5) Trade Compliance Teams: Scrutiny Rises With Success
As Vietnam’s share in global trade expands, compliance attention grows too. Global companies should assume tighter checks on:
- Rules of origin, certificates, and supplier declarations
- Anti-circumvention risks in sensitive product categories
- Product-specific standards (safety, labeling, ESG reporting)
- Audit readiness for sub-tier suppliers
A practical move for 2026 is to treat compliance as a design requirement, not a post-shipment function. The forecast for 2026 is good for opportunity, but the risk map is more complicated.
Early 2026 indicators show Vietnam still moving at a fast clip, and policy messaging continues to emphasize export growth targets and industrial momentum. At the same time, global trade is still weak. Changes in tariffs, uneven demand, and shocks to the supply chain can all change the outcomes of each quarter at any time.

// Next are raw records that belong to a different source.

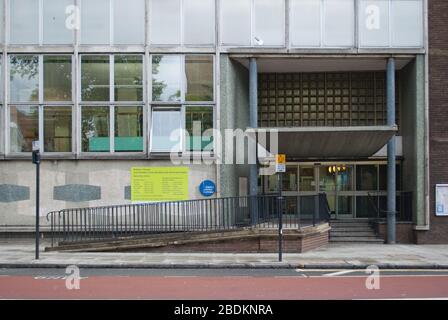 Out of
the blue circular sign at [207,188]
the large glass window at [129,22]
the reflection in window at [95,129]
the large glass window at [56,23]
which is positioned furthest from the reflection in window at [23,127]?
the blue circular sign at [207,188]

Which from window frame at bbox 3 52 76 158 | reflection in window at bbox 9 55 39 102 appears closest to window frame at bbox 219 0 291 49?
window frame at bbox 3 52 76 158

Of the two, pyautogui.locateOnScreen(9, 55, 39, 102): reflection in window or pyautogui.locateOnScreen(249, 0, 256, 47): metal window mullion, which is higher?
pyautogui.locateOnScreen(249, 0, 256, 47): metal window mullion

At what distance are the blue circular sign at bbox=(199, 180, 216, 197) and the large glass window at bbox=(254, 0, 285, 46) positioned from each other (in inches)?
211

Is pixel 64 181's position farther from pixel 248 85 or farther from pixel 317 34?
pixel 317 34

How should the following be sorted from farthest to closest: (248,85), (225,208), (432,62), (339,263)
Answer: (248,85)
(432,62)
(225,208)
(339,263)

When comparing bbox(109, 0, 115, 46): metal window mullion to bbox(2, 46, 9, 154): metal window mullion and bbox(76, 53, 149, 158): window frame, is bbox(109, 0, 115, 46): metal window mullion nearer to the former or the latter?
bbox(76, 53, 149, 158): window frame

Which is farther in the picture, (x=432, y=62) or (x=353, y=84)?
(x=353, y=84)

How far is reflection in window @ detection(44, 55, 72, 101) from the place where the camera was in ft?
70.2

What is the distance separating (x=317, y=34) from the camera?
21.7m

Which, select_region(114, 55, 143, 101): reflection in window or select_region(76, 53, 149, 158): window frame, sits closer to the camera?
select_region(76, 53, 149, 158): window frame

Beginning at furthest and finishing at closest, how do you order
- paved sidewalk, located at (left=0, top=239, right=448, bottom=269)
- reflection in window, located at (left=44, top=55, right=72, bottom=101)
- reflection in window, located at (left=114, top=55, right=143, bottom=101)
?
reflection in window, located at (left=44, top=55, right=72, bottom=101), reflection in window, located at (left=114, top=55, right=143, bottom=101), paved sidewalk, located at (left=0, top=239, right=448, bottom=269)

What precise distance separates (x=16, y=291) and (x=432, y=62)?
1650cm

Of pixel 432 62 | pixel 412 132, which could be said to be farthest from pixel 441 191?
pixel 432 62

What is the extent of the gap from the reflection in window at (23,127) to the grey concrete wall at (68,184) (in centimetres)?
63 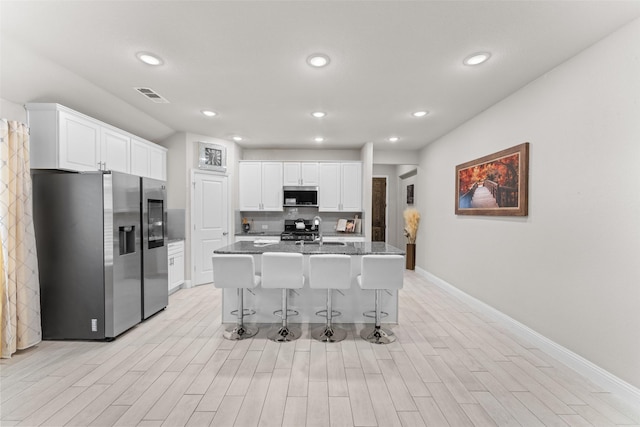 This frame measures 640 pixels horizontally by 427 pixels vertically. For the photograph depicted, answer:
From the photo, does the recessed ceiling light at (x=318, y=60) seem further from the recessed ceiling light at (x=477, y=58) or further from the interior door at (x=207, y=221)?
the interior door at (x=207, y=221)

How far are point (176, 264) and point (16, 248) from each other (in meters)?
2.18

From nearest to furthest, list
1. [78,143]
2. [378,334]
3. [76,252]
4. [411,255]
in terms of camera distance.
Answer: [76,252] → [378,334] → [78,143] → [411,255]

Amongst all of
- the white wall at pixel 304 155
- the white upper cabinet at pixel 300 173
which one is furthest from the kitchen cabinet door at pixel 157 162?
the white upper cabinet at pixel 300 173

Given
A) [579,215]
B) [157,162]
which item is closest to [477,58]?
[579,215]

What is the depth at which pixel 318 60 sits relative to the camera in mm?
2596

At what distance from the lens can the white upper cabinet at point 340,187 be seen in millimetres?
6012

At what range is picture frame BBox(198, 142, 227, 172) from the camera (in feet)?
16.9

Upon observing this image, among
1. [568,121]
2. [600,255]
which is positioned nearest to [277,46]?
[568,121]

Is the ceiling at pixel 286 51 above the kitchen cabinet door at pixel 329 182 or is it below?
above

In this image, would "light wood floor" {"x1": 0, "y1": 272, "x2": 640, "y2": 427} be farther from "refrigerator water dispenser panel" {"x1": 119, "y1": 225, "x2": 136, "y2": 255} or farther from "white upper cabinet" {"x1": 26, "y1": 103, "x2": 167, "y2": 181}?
"white upper cabinet" {"x1": 26, "y1": 103, "x2": 167, "y2": 181}

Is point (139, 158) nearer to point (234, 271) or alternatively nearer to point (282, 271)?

For people that play on a global scale, the greatest thing to do is to be balanced:
- Use Vietnam's size to your advantage to get things done faster and for less money.

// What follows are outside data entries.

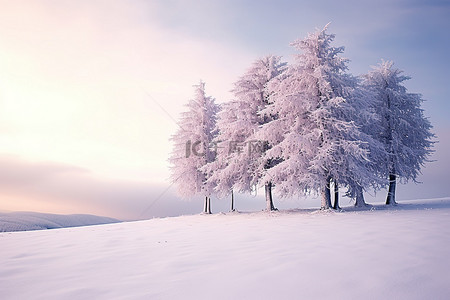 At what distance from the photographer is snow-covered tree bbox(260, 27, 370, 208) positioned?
1360 cm

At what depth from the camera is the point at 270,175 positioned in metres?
14.6

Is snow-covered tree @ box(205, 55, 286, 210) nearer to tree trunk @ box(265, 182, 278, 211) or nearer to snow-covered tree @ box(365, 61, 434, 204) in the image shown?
tree trunk @ box(265, 182, 278, 211)

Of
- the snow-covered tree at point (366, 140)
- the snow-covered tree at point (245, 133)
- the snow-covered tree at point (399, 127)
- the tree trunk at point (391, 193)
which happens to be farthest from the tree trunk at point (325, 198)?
the tree trunk at point (391, 193)

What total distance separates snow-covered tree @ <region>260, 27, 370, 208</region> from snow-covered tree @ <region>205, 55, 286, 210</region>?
5.43ft

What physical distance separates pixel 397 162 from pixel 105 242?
68.2ft

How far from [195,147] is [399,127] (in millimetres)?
16640

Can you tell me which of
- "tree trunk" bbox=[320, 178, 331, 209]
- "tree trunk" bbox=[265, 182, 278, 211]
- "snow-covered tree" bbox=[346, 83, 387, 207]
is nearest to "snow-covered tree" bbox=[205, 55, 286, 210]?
"tree trunk" bbox=[265, 182, 278, 211]

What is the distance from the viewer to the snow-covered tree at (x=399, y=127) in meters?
19.5

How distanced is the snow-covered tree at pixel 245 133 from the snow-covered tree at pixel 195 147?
6.06 feet

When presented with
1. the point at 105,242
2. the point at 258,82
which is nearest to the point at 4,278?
the point at 105,242

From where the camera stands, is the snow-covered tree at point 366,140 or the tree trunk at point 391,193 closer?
the snow-covered tree at point 366,140

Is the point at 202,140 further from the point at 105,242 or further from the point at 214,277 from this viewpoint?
the point at 214,277

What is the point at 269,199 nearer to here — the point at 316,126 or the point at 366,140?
the point at 316,126

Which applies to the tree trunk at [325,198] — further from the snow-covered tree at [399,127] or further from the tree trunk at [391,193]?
the tree trunk at [391,193] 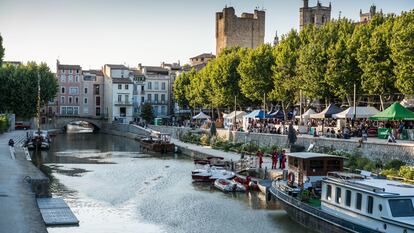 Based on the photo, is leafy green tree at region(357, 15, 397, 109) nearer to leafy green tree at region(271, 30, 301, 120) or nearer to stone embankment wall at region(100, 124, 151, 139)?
leafy green tree at region(271, 30, 301, 120)

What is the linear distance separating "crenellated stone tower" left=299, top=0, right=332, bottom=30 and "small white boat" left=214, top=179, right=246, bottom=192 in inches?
3550

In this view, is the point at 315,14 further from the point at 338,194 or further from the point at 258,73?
the point at 338,194

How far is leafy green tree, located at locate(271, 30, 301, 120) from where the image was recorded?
6291 cm

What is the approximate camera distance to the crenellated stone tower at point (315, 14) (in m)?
123

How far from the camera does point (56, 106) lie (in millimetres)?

- To decrease the risk of concentration, use multi-country sourcing or multi-site techniques.
- Put money into localization so that your business doesn't rely on inputs as much and can change more easily.
- As your market share grows, make sure your compliance processes get better since consumers will pay more attention to them.

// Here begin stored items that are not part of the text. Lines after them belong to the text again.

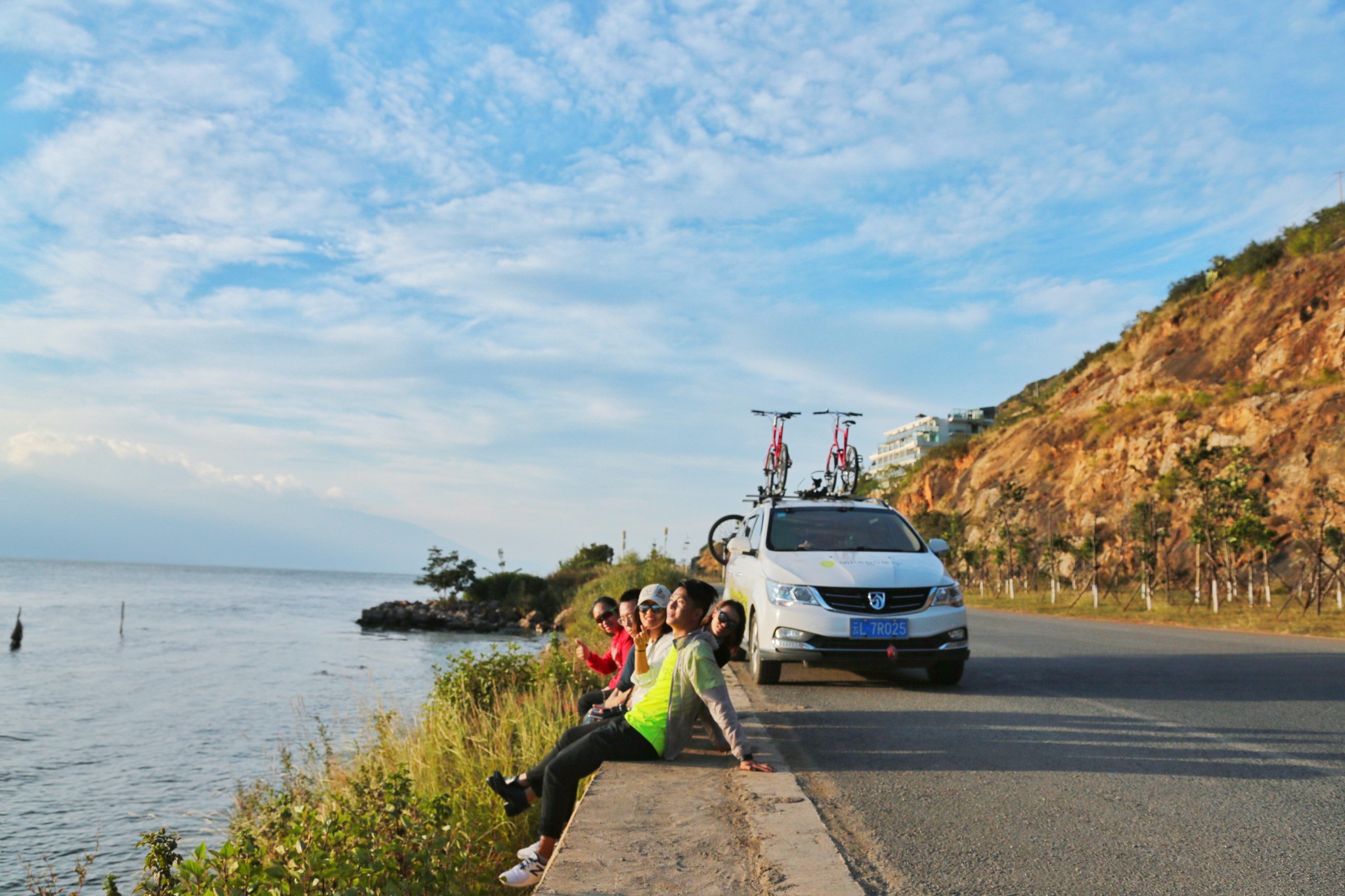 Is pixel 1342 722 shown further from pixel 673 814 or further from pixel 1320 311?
pixel 1320 311

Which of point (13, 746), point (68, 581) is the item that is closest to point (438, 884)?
point (13, 746)

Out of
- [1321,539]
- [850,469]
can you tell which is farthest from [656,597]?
[1321,539]

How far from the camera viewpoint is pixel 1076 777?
5.78m

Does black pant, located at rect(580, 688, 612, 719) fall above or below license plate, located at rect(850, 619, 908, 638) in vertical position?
below

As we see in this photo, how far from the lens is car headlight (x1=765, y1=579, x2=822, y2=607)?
29.2 ft

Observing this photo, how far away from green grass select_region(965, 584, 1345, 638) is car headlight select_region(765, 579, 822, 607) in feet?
50.1

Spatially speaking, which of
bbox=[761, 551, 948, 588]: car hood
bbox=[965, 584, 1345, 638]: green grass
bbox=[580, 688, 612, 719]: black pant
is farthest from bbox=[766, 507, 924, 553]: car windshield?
bbox=[965, 584, 1345, 638]: green grass

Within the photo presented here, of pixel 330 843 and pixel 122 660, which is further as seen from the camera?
pixel 122 660

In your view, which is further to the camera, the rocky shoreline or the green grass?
the rocky shoreline

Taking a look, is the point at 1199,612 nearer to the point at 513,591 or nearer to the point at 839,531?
the point at 839,531

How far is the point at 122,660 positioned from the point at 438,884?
33.7m

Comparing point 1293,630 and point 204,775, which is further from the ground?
point 1293,630

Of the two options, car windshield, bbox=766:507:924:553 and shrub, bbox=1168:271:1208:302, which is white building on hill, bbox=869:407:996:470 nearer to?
shrub, bbox=1168:271:1208:302

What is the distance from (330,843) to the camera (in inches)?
179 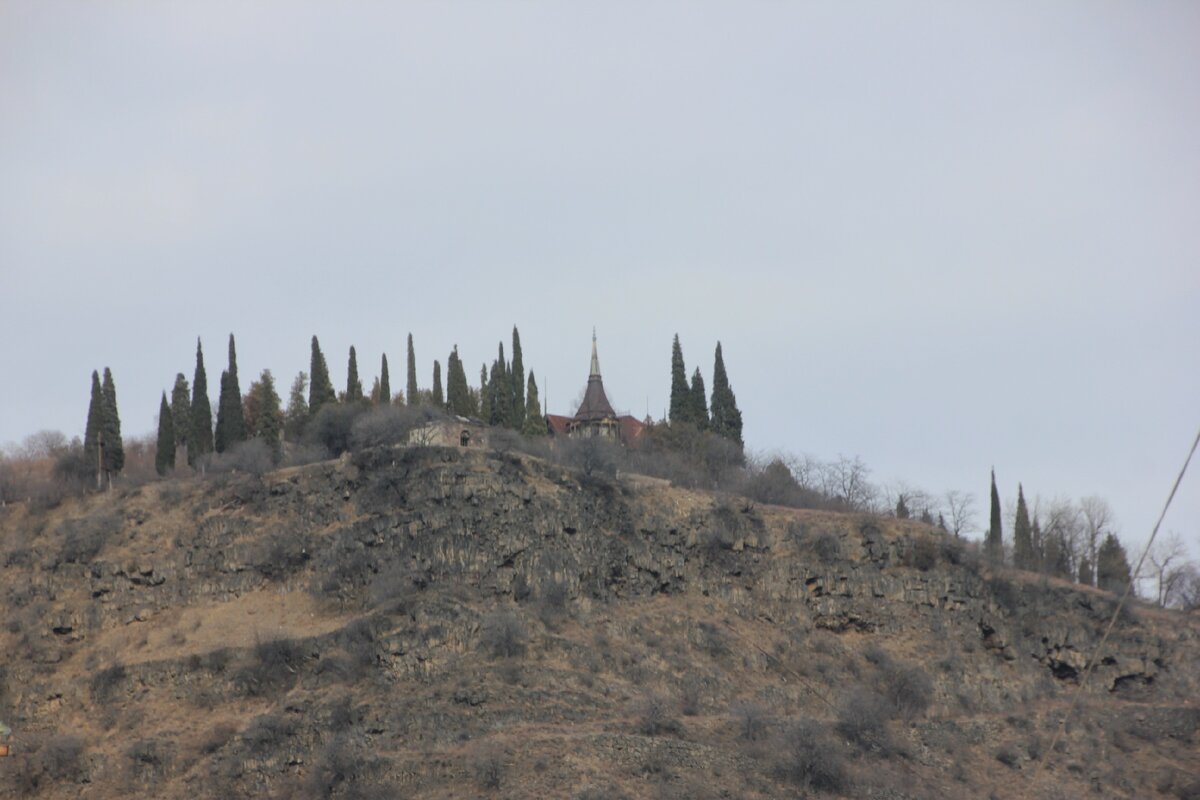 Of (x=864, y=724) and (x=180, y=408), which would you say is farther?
(x=180, y=408)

- There is more than one story about Vietnam's 2025 record. It shows that the country has gotten better and can now affect trade flows instead of just taking advantage of them.
Conclusion
Vietnam's goods trade will reach roughly US$930 billion in 2025, which shows that the country has a mature export engine that is fueled by electronics scale, deeper global integration, and better manufacturing skills. The message for businesses all over the world is clear: Vietnam is a key part of the supply chain, and planning for 2026 should reflect that.
But the winners won’t be those who simply “shift orders.” The winners will be those who build durable Vietnam strategies—supplier ecosystems, logistics resilience, compliance robustness, and product design that fits a world where trade policy can change quickly.
Vietnam’s record year opens doors. Smart execution in 2026 decides who walks through them profitably. Import Globals is a leading data provider of Vietnam Import Export Trade Data.
Que. Why did Vietnam's trade surplus go down in 2025 even though exports went up?
Ans. Imports grew faster than exports because there was more demand for the parts, resources, and machinery used in making things.
Que. What industry helped Vietnam's exports grow the most in 2025?
Ans. The main driver of growth was electronics, especially computers, electronic goods, and parts, which made more than $100 billion.
Que. What is the biggest risk for businesses that get most of their supply from Vietnam?
Ans. Concentration risk: depending on one place, being open to imported goods, and having to obey stricter laws about customs and origins.
Que. What should companies all throughout the world do differently in 2026?
Ans. Put money into projects that help sub-tier suppliers see better, be ready for origin and compliance, dual logistics routing, and localization for suppliers to make them less dependent on components.
Que. Where to get a detailed Vietnam Import Trade Analysis?